(Stored data entries)
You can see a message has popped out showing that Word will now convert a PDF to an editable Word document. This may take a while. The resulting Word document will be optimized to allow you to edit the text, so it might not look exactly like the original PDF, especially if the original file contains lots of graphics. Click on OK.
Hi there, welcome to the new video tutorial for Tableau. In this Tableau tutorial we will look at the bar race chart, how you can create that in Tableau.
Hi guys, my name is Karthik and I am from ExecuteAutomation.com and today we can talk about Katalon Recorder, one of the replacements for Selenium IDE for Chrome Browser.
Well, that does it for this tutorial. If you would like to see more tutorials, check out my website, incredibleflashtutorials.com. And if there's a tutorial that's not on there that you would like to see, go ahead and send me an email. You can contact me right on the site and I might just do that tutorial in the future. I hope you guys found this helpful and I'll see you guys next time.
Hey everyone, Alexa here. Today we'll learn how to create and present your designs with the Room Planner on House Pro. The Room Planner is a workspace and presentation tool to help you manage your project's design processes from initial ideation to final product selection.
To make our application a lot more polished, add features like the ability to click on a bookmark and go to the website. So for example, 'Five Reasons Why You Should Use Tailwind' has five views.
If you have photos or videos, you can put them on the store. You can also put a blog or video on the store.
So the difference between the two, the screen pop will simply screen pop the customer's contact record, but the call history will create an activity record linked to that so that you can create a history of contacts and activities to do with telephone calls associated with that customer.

#### The problem
Beginning with the very first line of the records above, please retype each line through the one that has "Hi guys, my", and add nothing.

#### Final answer
You can see a message has popped out showing that Word will now convert a PDF to an editable Word document. This may take a while. The resulting Word document will be optimized to allow you to edit the text, so it might not look exactly like the original PDF, especially if the original file contains lots of graphics. Click on OK.
Hi there, welcome to the new video tutorial for Tableau. In this Tableau tutorial we will look at the bar race chart, how you can create that in Tableau.
Hi guys, my name is Karthik and I am from ExecuteAutomation.com and today we can talk about Katalon Recorder, one of the replacements for Selenium IDE for Chrome Browser.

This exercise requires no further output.